Targeted Tax Cuts as Fiscal Stimulus
Current economic conditions are testing the wisdom of the Keynesian-style stimulus package delivered by the Obama administration via the US Congress in 2009. Though the economic strength of TARP investments has become clear, the $787 billion in stimulus plans, now mostly expended, seems less than impressive.
Keynes became the leading proponent of deficit spending as an aid in stabilizing a recessive economy with the 1936 publication of his General Theory of Employment Interest and Money. While observers of the Great Depression often credit Roosevelt’s support of Keynes’ theories for bringing an end to high unemployment and staggering deflationary pressures, there’s actually much more to it. What is overlooked by many, though thankfully not by Federal Reserve Chairman Ben Bernanke, is that it was the combination of federal budget deficits and aggressive monetary policy responses that helped turn the country’s economic fate; that and the onset of World War II.
What many forget is that Keynes proffered deficit spending at the federal level without mandating how such deficits might best be employed. It’s a detail that offers important insight into the state of the US economy today, especially after implementation of the largest stimulus package in history and amidst the most substantial budget deficits our nation has ever experienced. Arguably, such deficits may provide long-term crippling problems for the US, but there’s more than one way to create a federal budget deficit and the differentiating factor is who ends up in control of how the deficit is to be spent: tax payers or bureaucrats.
There’s much debate over whether the federal government is the best body to determine how taxpayer monies should be spent. Sadly, that debate rarely occurs inside of Washington DC. In fact, such debate is at the heart of the Tea Party movement currently wreaking such havoc for incumbents of both political parties. Most understand that deficits arise when Congress adopts spending plans in excess of revenue generation (tax collection). Such spending programs may be similar to President Obama’s stimulus proposals, while others may be needed to support military action, as was the case in the 1940’s. While few can credibly argue that war time deficits are worth the ultimate cost, many debate whether or not stimulus programs rooted in transfer payments and “infrastructure investments” are ultimately worthwhile.
What about the other deficit-creating stimulus program? The one where the American people directly impact how monies are spent rather than delegating the task to elected representatives. We’re talking about tax cuts and though they may be less popular with lower income households, who decides how funds are to be spent is a matter of to whom the cuts are directed, not whether cuts might be popular.

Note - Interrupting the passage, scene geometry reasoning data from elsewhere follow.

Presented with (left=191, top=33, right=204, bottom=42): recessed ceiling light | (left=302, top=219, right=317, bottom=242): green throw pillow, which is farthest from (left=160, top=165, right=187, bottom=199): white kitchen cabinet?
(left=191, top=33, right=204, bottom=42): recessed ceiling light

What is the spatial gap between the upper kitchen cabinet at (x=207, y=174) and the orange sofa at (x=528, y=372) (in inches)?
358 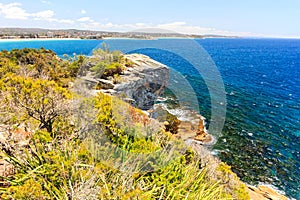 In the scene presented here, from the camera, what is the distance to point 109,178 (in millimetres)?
6105

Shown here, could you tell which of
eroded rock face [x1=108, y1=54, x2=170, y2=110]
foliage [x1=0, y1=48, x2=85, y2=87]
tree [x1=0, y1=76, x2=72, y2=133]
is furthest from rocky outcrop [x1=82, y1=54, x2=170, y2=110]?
tree [x1=0, y1=76, x2=72, y2=133]

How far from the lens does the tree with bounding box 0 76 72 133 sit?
22.8 ft

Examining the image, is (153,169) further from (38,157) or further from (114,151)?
(38,157)

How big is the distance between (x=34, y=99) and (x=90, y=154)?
2.42 meters

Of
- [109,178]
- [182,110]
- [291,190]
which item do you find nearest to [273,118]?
[182,110]

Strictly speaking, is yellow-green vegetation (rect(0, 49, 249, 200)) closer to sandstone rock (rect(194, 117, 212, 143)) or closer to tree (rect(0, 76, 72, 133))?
tree (rect(0, 76, 72, 133))

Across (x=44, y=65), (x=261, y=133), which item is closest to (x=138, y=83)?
(x=44, y=65)

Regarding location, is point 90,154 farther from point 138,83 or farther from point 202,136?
point 138,83

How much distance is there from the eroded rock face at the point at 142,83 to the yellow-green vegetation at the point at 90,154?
38.1ft

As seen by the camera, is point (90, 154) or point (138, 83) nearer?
point (90, 154)

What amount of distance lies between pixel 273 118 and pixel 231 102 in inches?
237

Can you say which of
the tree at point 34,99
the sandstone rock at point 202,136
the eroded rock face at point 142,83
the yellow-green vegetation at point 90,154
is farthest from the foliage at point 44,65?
the yellow-green vegetation at point 90,154

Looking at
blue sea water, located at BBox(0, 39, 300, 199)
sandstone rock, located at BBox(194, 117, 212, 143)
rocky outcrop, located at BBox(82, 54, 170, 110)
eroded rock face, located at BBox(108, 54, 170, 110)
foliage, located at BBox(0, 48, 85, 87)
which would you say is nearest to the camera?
blue sea water, located at BBox(0, 39, 300, 199)

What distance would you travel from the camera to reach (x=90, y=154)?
21.5ft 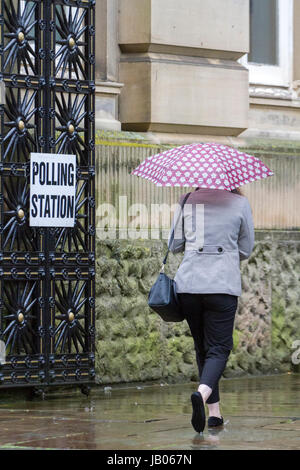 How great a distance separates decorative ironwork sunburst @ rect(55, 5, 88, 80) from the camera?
10.4 meters

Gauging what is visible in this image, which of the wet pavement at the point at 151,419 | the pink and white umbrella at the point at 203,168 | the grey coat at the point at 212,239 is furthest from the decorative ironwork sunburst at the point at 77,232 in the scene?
the grey coat at the point at 212,239

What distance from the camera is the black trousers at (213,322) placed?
8.31m

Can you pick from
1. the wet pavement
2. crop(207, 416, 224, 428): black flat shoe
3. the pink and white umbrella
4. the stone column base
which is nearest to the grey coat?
the pink and white umbrella

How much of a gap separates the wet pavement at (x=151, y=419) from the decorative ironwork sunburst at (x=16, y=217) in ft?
4.16

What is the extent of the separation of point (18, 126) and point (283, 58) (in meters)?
4.00

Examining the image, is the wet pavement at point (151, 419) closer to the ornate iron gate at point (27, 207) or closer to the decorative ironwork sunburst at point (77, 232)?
the ornate iron gate at point (27, 207)

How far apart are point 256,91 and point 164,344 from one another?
288 cm

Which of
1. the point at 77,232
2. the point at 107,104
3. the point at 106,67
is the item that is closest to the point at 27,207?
the point at 77,232

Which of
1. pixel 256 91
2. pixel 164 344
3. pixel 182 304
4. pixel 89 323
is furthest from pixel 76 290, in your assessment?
pixel 256 91

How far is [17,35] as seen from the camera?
1009 cm

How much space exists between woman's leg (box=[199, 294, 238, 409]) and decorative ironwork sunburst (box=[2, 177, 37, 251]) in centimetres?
226

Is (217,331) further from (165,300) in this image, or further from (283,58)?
(283,58)

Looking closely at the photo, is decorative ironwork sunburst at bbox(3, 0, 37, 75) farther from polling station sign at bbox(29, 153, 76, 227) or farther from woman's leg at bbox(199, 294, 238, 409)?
woman's leg at bbox(199, 294, 238, 409)

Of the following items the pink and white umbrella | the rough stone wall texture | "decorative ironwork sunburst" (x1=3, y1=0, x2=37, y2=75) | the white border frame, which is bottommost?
the rough stone wall texture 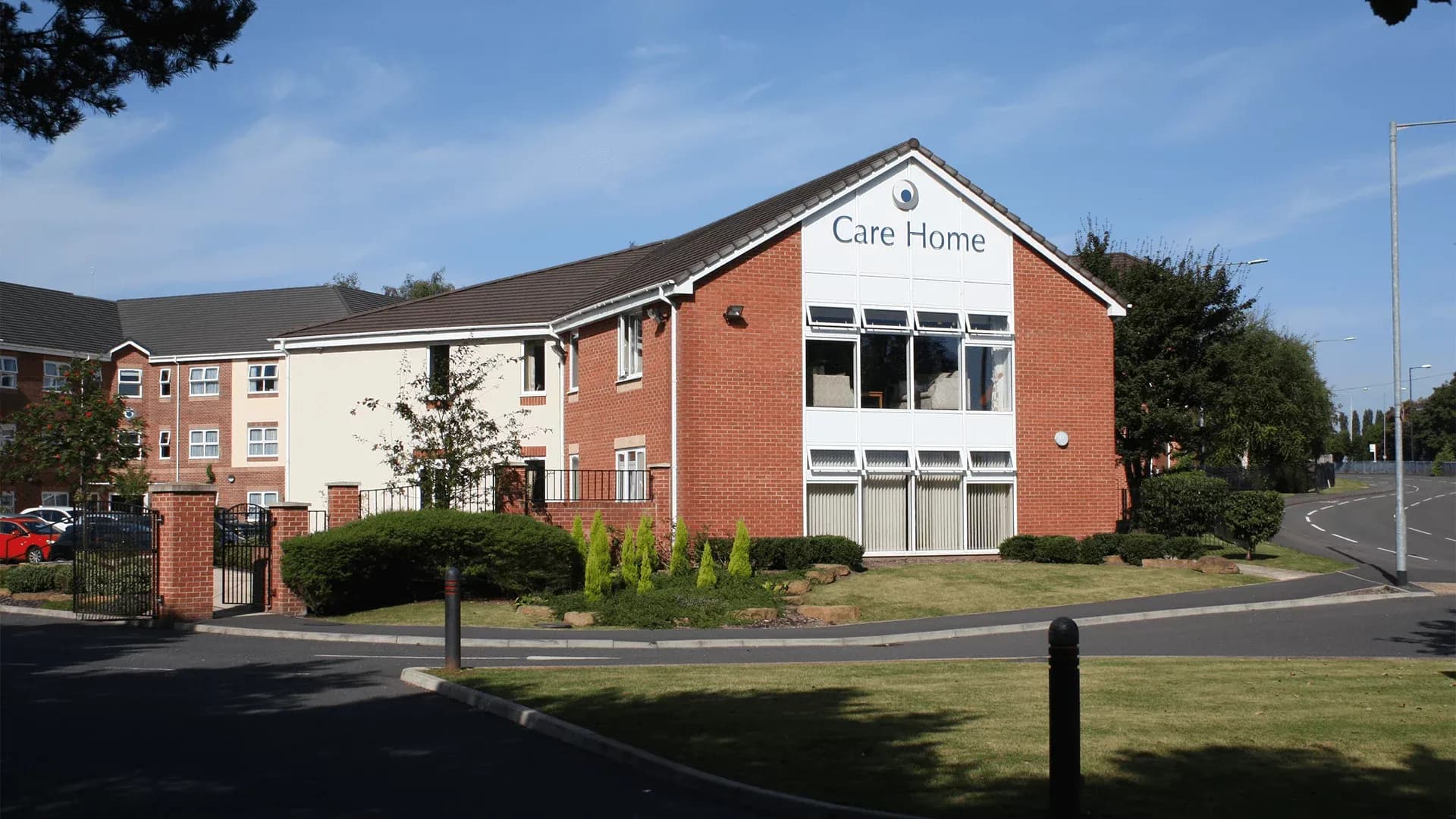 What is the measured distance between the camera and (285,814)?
7.65 meters

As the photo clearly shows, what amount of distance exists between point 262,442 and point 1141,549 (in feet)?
133

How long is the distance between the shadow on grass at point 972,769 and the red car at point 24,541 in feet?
109

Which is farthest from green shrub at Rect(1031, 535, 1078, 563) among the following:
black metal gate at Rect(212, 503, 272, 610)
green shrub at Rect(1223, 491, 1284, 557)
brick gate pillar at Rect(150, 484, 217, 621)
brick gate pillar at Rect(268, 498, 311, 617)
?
brick gate pillar at Rect(150, 484, 217, 621)

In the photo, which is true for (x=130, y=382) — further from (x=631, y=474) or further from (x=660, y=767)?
(x=660, y=767)

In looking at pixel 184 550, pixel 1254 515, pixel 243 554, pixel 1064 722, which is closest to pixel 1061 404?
pixel 1254 515

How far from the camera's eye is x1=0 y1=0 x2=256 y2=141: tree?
12859 millimetres

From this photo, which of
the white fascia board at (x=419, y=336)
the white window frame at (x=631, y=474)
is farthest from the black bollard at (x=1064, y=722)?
the white fascia board at (x=419, y=336)

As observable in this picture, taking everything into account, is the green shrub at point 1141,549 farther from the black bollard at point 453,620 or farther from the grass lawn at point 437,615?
the black bollard at point 453,620

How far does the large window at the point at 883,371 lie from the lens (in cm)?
2830

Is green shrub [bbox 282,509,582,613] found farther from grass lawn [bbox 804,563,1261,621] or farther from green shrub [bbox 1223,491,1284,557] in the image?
green shrub [bbox 1223,491,1284,557]

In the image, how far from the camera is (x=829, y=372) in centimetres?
2811

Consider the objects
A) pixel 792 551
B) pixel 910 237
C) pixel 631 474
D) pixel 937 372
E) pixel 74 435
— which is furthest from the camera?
pixel 74 435

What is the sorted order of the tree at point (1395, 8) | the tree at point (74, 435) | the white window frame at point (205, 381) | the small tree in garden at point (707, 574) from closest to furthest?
the tree at point (1395, 8)
the small tree in garden at point (707, 574)
the tree at point (74, 435)
the white window frame at point (205, 381)

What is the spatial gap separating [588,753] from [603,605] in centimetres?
1208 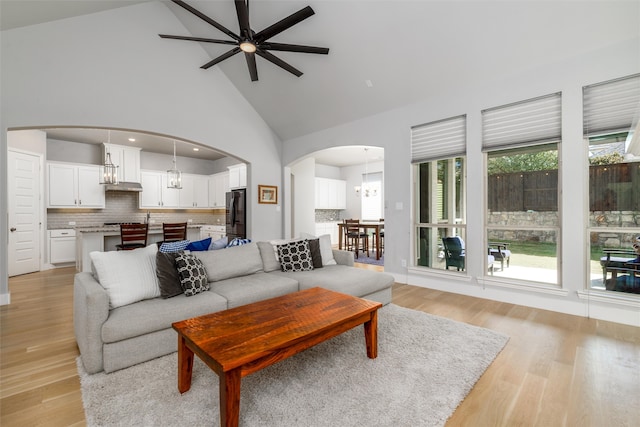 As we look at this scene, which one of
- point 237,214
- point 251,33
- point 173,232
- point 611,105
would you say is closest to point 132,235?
point 173,232

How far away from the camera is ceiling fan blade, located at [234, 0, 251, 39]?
2.48 meters

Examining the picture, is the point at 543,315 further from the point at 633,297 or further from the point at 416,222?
the point at 416,222

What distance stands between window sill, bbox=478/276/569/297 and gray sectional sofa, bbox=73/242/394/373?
1402 millimetres

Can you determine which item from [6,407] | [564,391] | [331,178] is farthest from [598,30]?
[331,178]

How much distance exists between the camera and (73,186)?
6.44m

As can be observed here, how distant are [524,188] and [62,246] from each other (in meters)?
8.36

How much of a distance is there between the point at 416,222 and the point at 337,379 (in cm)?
316

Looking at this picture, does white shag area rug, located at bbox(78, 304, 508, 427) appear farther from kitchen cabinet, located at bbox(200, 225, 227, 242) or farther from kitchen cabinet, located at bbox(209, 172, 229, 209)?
kitchen cabinet, located at bbox(209, 172, 229, 209)

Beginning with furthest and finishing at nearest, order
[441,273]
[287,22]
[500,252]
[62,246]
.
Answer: [62,246], [441,273], [500,252], [287,22]

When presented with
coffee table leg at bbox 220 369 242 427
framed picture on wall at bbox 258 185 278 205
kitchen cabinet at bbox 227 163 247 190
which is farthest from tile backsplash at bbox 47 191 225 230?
coffee table leg at bbox 220 369 242 427

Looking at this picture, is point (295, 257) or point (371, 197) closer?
point (295, 257)

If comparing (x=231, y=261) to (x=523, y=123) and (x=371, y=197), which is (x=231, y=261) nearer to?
(x=523, y=123)

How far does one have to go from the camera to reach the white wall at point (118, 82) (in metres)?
3.65

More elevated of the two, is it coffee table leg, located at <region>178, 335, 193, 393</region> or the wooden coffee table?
the wooden coffee table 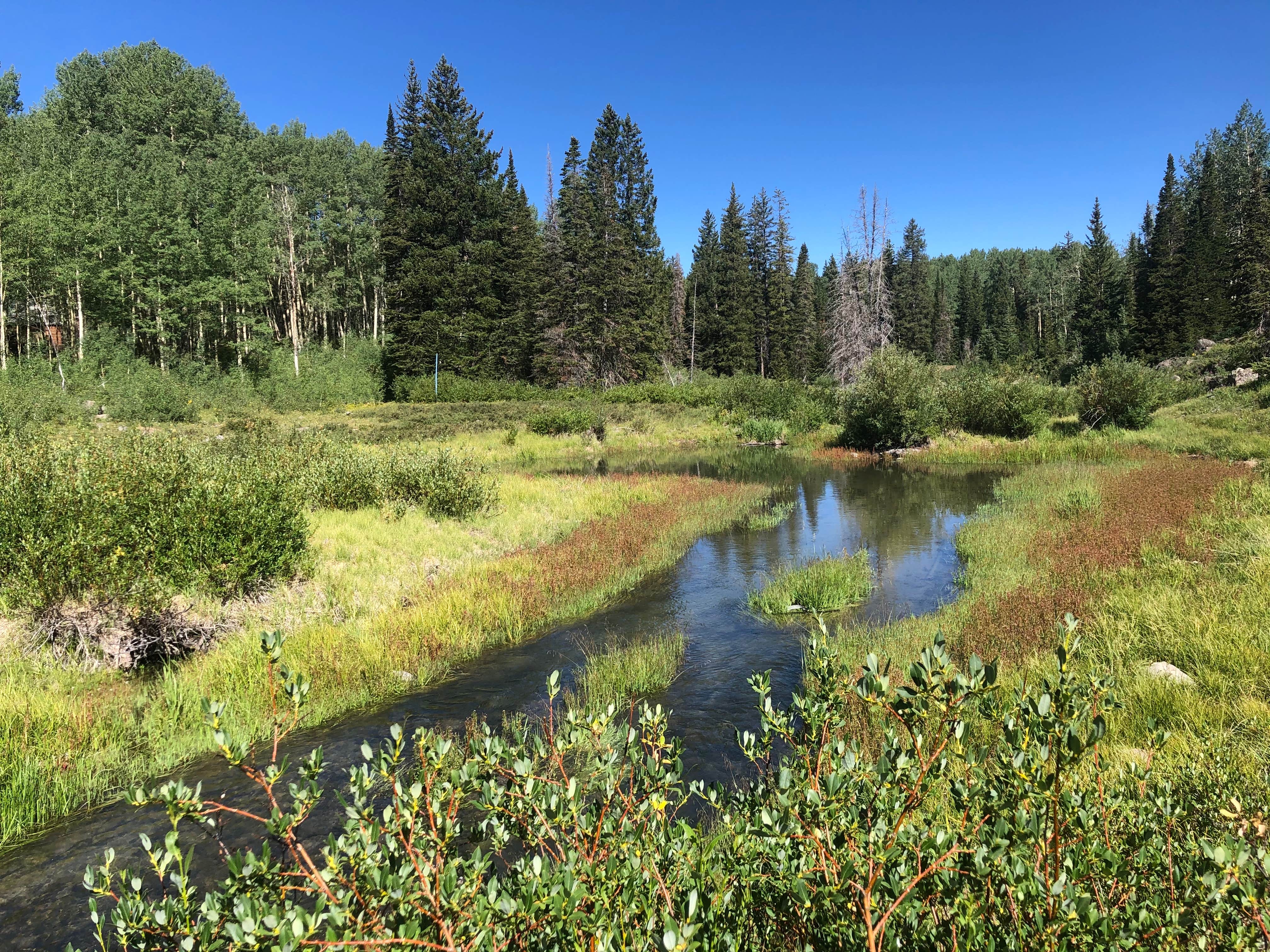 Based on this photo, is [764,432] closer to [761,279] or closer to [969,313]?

The outcome of supply-side theories promoted by economist Dr. Arthur Laffer during the Reagan era rendered tax cuts a less desirable mechanism for economic stimulus and fiscal conservatives haven’t done a very good job of countering the arguments against them. The problem lies in the fact that most of the time such tax cuts are discussed the topic is coupled with promises that the increased economic activity the cuts may yield are likely to create more federal tax revenue than the cuts initially cost. While this is an interesting and enticing possibility, it’s difficult to support through objective observation.
The issue that ought to be addressed is that tax cuts are simply another form of deficit-creating economic stimulus and when viewed through any other lens the picture loses focus. An important attribute to tax cuts is that they put spending authority into the hands of taxpayers rather than elected officials; a move that’s feared to threaten the political lives of those it might otherwise save. How likely would it be for Tea Party activists to find credible support had the voters been those empowered to spend nearly $800 billion in stimulus funds authorized by the current congress? Not very!
The error fiscal conservatives make is in running from Keynesian concepts when economic times indicate monetary policy alone isn’t up to the task of redirecting a recessive economy. Rather than completely derail possible stimulus plans, the political right would do well to join their counterparts on the other side of the aisle and help frame the debate. Likewise, progressives hold too tightly to their superiority as it pertains to making spending decisions for the American public. Were each side to shift their thinking slightly, the outcome may well assure sought after political victories. More importantly, it’s likely to spark the very increases in consumption needed to thwart unemployment and housing market concerns, while also offering a boost to equity values.
Most opponents of tax cuts forget that it’s the House and Senate that determine to whom such cuts are to be extended and while it’s naïve to think that higher income households wouldn’t stand to gain from such activity, it’s just as erroneous to suppose that cuts can’t be targeted to lower and middle income households that may have been among the hardest hit in the recent recession.
Not to be misunderstood, I’m not advocating extending the federal deficit farther than its current stratospheric level. However, if additional stimulus activity is deemed warranted by federal policy makers and our elected representatives, either in the current Congress or the next, then a move to put spending authority into the hands of the voters may yield benefits beyond the obvious. Whether or not Keynes accurately predicted the impact deficit spending might offer a recessive economy isn’t the issue of the moment; how to encourage consumption and capital investment is and there’s nothing like a tax cut – aka stimulus program – to make things happen.